For some reason, the idea that a proposed cancer germ could have more than one form is a threat to doctors and some microbiologists. The cancer germ has been described as having a virus like and fungus like, as well as a mycoplasma like phase. Such a Life Cycle is deemed nonsense in a lot of the medical community. Several scientists studied the pleomorphic cancer microbe. The results of this research indicate that cancer microbes are best detected by special staining tissue testing. Microbiologists love to separate viruses, bacteria, mycoplasma, and fungi, as distinct entities. In fact there is interplay between all of them. Viruses can infect certain forms of bacteria, but scientists cannot understand how microbes can change into virus-like, mycoplasma-like and fungus like infectious agents. The cancer microbe is related to the bacteria that cause tuberculosis, it is helpful to compare the microbiology of cancer with what we know about the microbiology of mycobacteria and their production of various forms of clinical TB. Research has indicated that the same identical germs do not always cause TB.

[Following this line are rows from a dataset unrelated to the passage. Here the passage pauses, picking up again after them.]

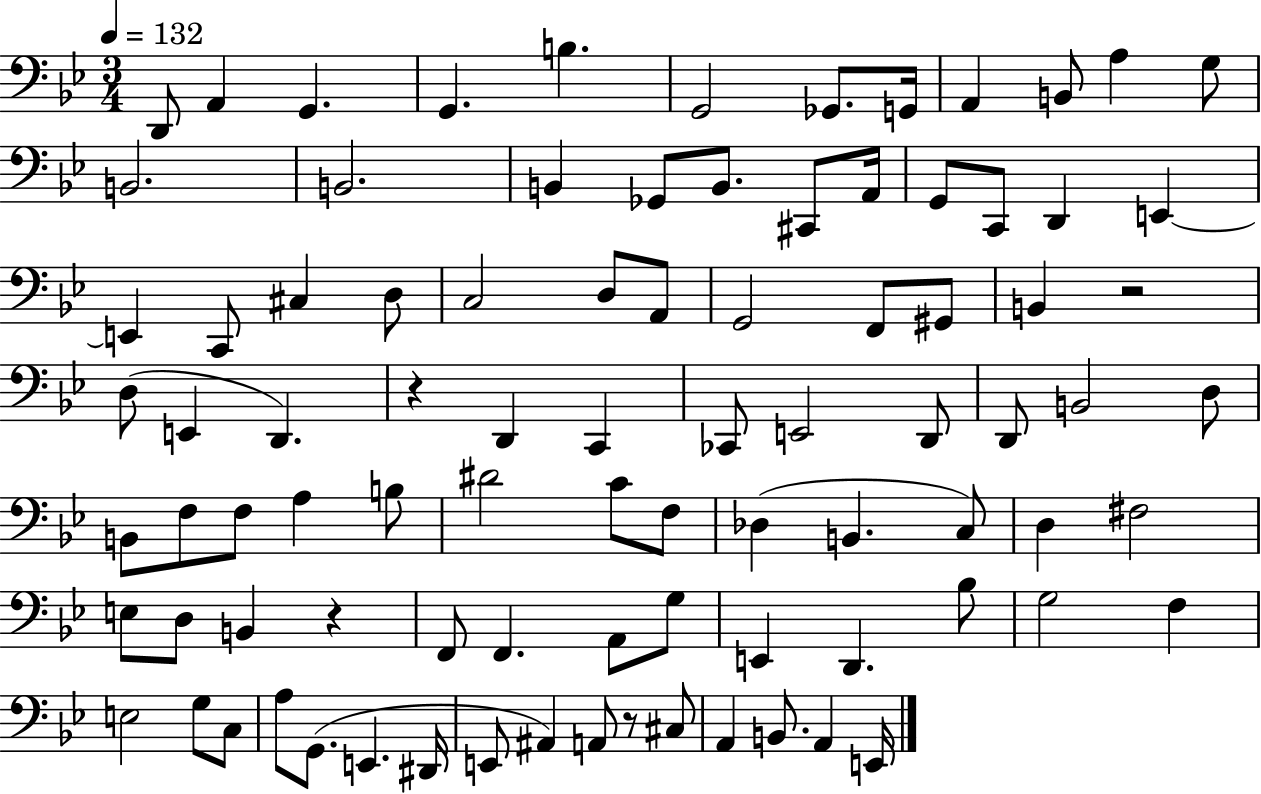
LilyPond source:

{
  \clef bass
  \numericTimeSignature
  \time 3/4
  \key bes \major
  \tempo 4 = 132
  d,8 a,4 g,4. | g,4. b4. | g,2 ges,8. g,16 | a,4 b,8 a4 g8 | \break b,2. | b,2. | b,4 ges,8 b,8. cis,8 a,16 | g,8 c,8 d,4 e,4~~ | \break e,4 c,8 cis4 d8 | c2 d8 a,8 | g,2 f,8 gis,8 | b,4 r2 | \break d8( e,4 d,4.) | r4 d,4 c,4 | ces,8 e,2 d,8 | d,8 b,2 d8 | \break b,8 f8 f8 a4 b8 | dis'2 c'8 f8 | des4( b,4. c8) | d4 fis2 | \break e8 d8 b,4 r4 | f,8 f,4. a,8 g8 | e,4 d,4. bes8 | g2 f4 | \break e2 g8 c8 | a8 g,8.( e,4. dis,16 | e,8 ais,4) a,8 r8 cis8 | a,4 b,8. a,4 e,16 | \break \bar "|."
}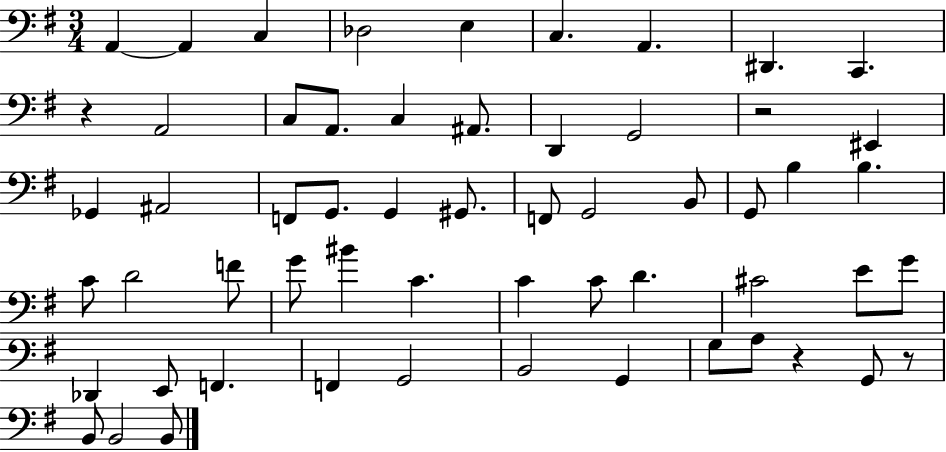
X:1
T:Untitled
M:3/4
L:1/4
K:G
A,, A,, C, _D,2 E, C, A,, ^D,, C,, z A,,2 C,/2 A,,/2 C, ^A,,/2 D,, G,,2 z2 ^E,, _G,, ^A,,2 F,,/2 G,,/2 G,, ^G,,/2 F,,/2 G,,2 B,,/2 G,,/2 B, B, C/2 D2 F/2 G/2 ^B C C C/2 D ^C2 E/2 G/2 _D,, E,,/2 F,, F,, G,,2 B,,2 G,, G,/2 A,/2 z G,,/2 z/2 B,,/2 B,,2 B,,/2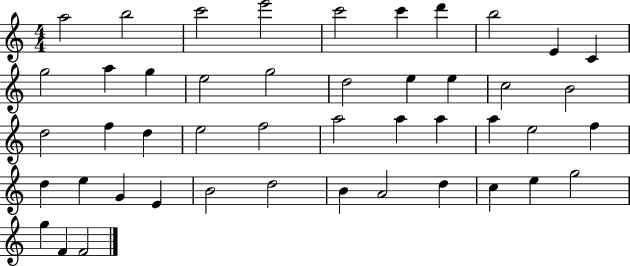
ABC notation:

X:1
T:Untitled
M:4/4
L:1/4
K:C
a2 b2 c'2 e'2 c'2 c' d' b2 E C g2 a g e2 g2 d2 e e c2 B2 d2 f d e2 f2 a2 a a a e2 f d e G E B2 d2 B A2 d c e g2 g F F2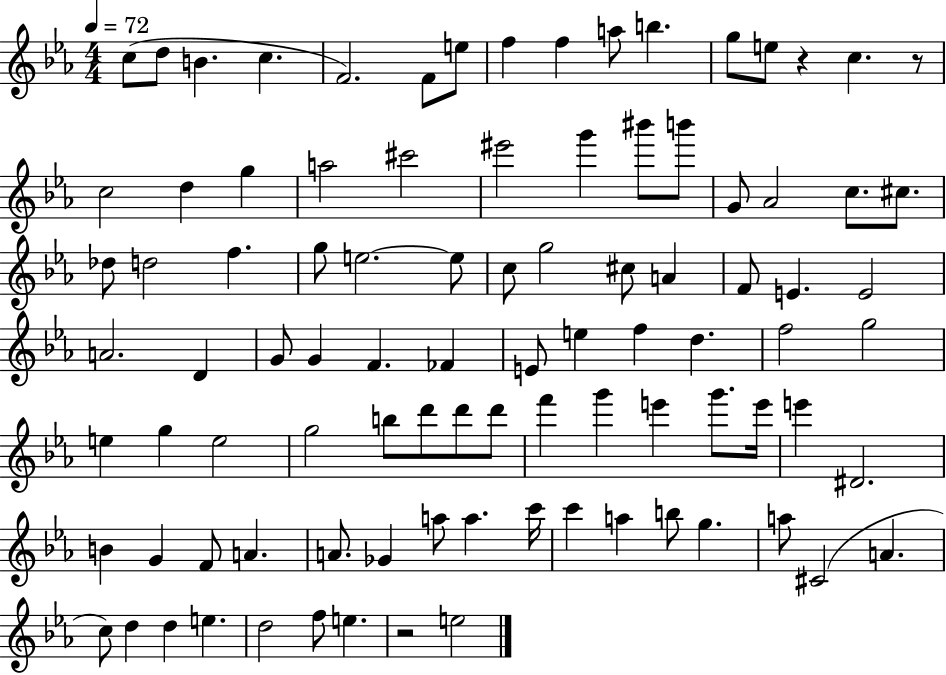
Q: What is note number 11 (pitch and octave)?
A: B5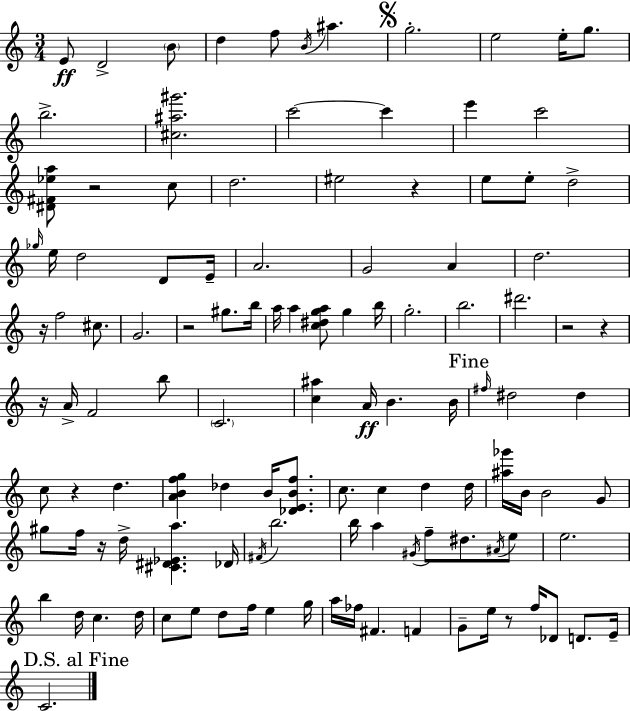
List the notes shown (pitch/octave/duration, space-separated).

E4/e D4/h B4/e D5/q F5/e B4/s A#5/q. G5/h. E5/h E5/s G5/e. B5/h. [C#5,A#5,G#6]/h. C6/h C6/q E6/q C6/h [D#4,F#4,Eb5,A5]/e R/h C5/e D5/h. EIS5/h R/q E5/e E5/e D5/h Gb5/s E5/s D5/h D4/e E4/s A4/h. G4/h A4/q D5/h. R/s F5/h C#5/e. G4/h. R/h G#5/e. B5/s A5/s A5/q [C5,D#5,G5,A5]/e G5/q B5/s G5/h. B5/h. D#6/h. R/h R/q R/s A4/s F4/h B5/e C4/h. [C5,A#5]/q A4/s B4/q. B4/s F#5/s D#5/h D#5/q C5/e R/q D5/q. [A4,B4,F5,G5]/q Db5/q B4/s [Db4,E4,B4,F5]/e. C5/e. C5/q D5/q D5/s [A#5,Gb6]/s B4/s B4/h G4/e G#5/e F5/s R/s D5/s [C#4,D#4,Eb4,A5]/q. Db4/s F#4/s B5/h. B5/s A5/q G#4/s F5/e D#5/e. A#4/s E5/e E5/h. B5/q D5/s C5/q. D5/s C5/e E5/e D5/e F5/s E5/q G5/s A5/s FES5/s F#4/q. F4/q G4/e E5/s R/e F5/s Db4/e D4/e. E4/s C4/h.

As a result, there is no reason to expect all cancer-associated bacteria to be exactly the same germ. Furthermore, just as everyone who harbors H.pylori does not develop stomach ulcers, we should not expect all cancer microbes to produce cancer. Also it is not unreasonable to consider the fact that cancer microbes have the potential to produce disease states that are not considered cancer. Cancer microbes can be identified in various disease states. There are photomicrographs of cancer microbes in autoimmune diseases such as scleroderma, in AIDS related Kaposi’s sarcoma, in breast cancer, in lymphoma and Hodgkins disease, in a lung disease called interstitial pneumonitis, in sarcoidosis and even in skin cancer. Not everyone who becomes infected with TB germs develops clinical tuberculosis. Individuals can harbor the TB germ without ever becoming ill. The same is true for cancer microbes. Not everyone who carries these microbes develops cancer.

One researcher found the microbe to be ubliquitous, which means it is found various disease states and can also be found normally. The research also labeled the microbe a progenitor cryptocides, which means hidden killer. Most importantly, cancer microbes are significant because they can be identified in the cancerous tissue in various forms of cancer. Also a few of these microbes can be seen in normal tissue, but strikingly large numbers can be seen in the areas of the tumor. These same microbes can be found in pre-cancerous conditions, suggesting that these germs are present before the actual induction of cancer. Furthermore, when cancer is cured by radiation and chemotherapy, the microbe can still be found in the damaged, previously cancerous areas. One reason cancer cannot be cured is that we cannot stop the destruction caused by these hidden and unrecognized bacterial elements. The reason antibiotics don’t work well in cancer is because the microbes (in the mycoplasma state) aren’t susceptible to antibiotics.